> [DATA PROVIDED]:
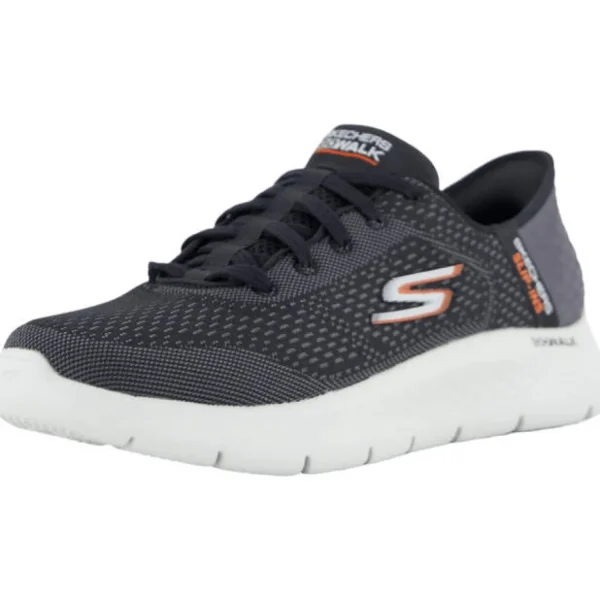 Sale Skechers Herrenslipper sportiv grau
--
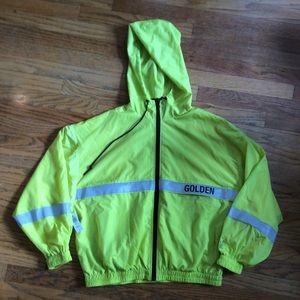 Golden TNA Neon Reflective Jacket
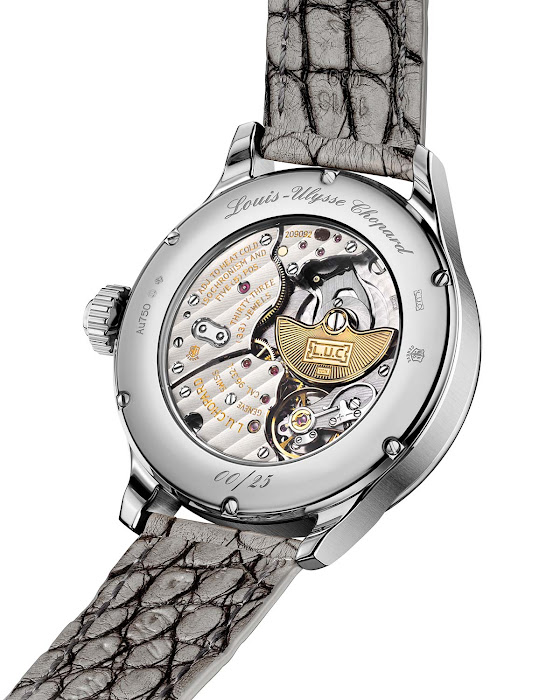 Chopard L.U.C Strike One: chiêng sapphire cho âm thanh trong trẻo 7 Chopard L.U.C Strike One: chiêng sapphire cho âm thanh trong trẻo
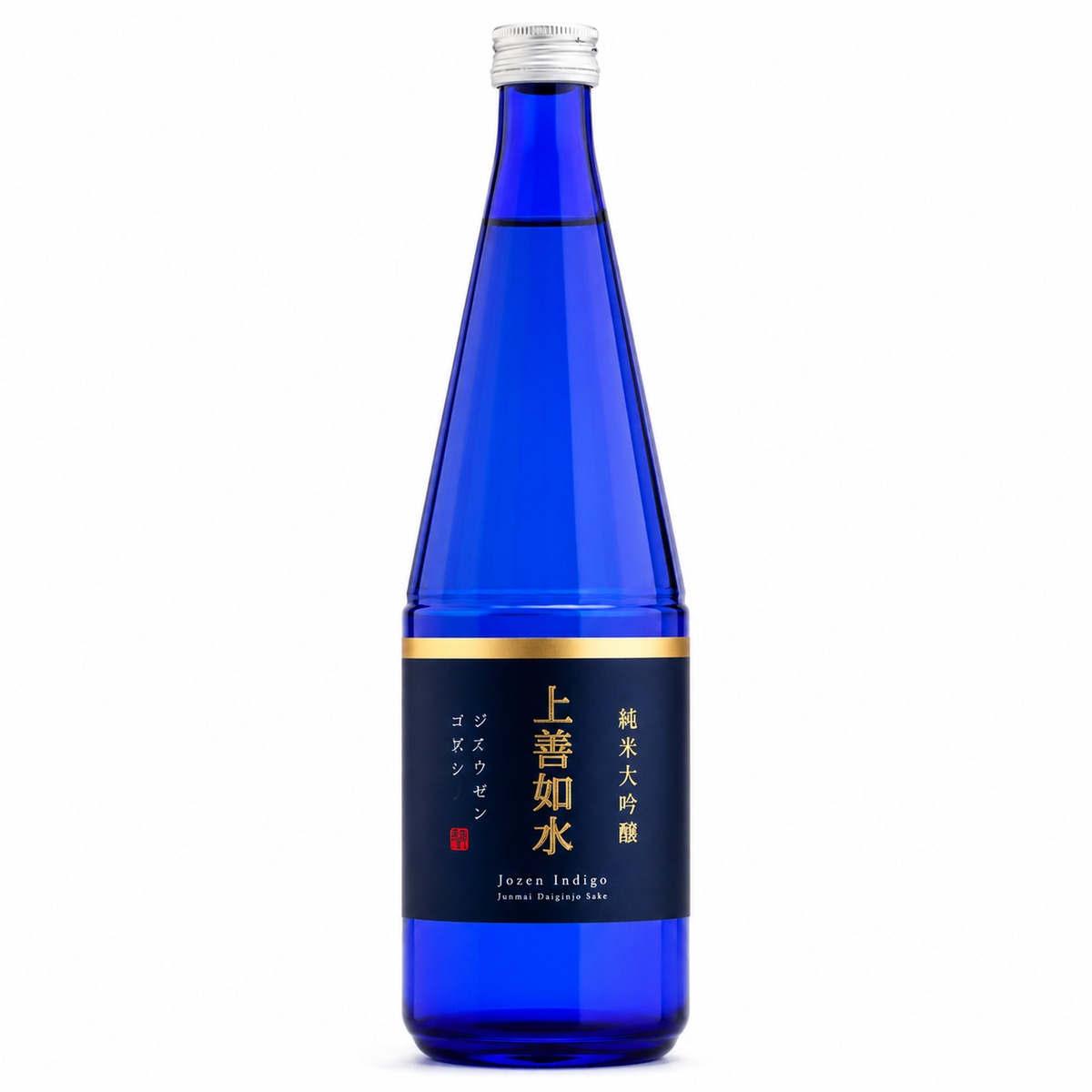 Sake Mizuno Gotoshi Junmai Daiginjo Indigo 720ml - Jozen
* * *
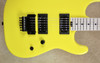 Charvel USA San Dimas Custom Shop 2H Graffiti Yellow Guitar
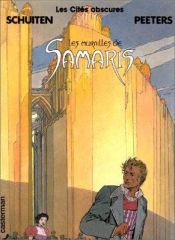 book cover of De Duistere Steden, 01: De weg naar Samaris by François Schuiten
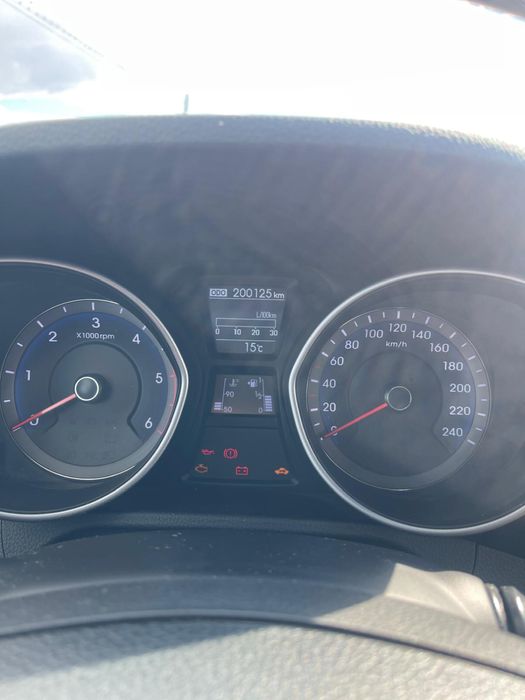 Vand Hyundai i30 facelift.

> [TO DO]: For this task, return exactly the stretch of the listing above from the line with "Golden TNA Neon Reflective Jacket" through the line with "Sake Mizuno Gotoshi", inclusive and without pictures.

> [TASK ANSWER]:
 Golden TNA Neon Reflective Jacket
 Chopard L.U.C Strike One: chiêng sapphire cho âm thanh trong trẻo 7 Chopard L.U.C Strike One: chiêng sapphire cho âm thanh trong trẻo
 Sake Mizuno Gotoshi Junmai Daiginjo Indigo 720ml - Jozen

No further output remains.